[Items from a data source]
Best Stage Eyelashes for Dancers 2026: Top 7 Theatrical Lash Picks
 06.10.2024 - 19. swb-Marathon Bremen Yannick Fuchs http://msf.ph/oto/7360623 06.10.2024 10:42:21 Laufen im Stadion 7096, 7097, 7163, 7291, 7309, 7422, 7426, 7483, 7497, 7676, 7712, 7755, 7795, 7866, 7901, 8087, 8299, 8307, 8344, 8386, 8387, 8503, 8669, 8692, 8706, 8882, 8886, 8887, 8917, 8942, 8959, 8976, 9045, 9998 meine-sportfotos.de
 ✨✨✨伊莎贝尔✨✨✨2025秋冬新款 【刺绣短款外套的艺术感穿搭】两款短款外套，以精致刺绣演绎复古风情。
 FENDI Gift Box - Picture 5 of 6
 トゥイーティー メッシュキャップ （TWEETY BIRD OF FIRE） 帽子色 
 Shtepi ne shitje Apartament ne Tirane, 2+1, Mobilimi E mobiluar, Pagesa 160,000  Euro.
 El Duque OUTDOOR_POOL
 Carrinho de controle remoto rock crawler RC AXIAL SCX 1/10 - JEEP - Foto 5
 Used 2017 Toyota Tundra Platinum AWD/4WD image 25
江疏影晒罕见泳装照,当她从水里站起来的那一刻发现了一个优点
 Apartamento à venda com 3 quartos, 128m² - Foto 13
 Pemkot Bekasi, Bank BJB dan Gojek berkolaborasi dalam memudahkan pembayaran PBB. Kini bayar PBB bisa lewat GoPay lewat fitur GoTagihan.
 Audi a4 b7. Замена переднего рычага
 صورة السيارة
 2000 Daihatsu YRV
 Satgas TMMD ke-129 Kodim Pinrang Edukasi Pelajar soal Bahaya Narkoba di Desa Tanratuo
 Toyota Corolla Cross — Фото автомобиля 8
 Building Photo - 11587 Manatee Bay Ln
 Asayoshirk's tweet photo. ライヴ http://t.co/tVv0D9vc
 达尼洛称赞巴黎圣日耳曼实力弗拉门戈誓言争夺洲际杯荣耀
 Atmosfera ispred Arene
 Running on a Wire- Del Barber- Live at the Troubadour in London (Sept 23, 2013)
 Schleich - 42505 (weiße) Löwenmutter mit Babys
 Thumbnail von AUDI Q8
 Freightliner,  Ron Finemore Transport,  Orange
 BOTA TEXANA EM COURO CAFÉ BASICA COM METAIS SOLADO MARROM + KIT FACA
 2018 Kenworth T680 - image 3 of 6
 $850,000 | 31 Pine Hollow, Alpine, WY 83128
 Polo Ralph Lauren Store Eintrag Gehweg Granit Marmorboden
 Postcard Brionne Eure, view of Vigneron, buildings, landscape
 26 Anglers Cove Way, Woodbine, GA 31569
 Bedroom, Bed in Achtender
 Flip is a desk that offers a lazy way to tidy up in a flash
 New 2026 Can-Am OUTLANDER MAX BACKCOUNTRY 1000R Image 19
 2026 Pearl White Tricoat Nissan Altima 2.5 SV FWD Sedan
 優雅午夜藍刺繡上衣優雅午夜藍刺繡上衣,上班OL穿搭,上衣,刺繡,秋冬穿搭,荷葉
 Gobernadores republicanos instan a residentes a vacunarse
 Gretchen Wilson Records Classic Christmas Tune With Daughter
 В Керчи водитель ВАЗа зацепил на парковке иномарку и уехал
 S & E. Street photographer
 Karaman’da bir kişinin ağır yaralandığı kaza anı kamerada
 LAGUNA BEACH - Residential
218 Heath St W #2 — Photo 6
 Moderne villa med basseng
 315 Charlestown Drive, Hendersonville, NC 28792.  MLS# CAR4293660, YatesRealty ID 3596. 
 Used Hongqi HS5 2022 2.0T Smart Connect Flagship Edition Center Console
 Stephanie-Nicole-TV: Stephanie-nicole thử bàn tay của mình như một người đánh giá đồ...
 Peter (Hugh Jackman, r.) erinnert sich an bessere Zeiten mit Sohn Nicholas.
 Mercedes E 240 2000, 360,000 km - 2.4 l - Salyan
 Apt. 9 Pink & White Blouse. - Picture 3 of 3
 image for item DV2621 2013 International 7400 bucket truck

[WHAT IS BEING ASKED] Using the entries above, give again exactly the lines from the line holding "В Керчи водитель" through the line holding "Moderne villa med basseng". Include both end lines and nothing else.

[RESPONSE TO THE TASK]
 В Керчи водитель ВАЗа зацепил на парковке иномарку и уехал
 S & E. Street photographer
 Karaman’da bir kişinin ağır yaralandığı kaza anı kamerada
 LAGUNA BEACH - Residential
218 Heath St W #2 — Photo 6
 Moderne villa med basseng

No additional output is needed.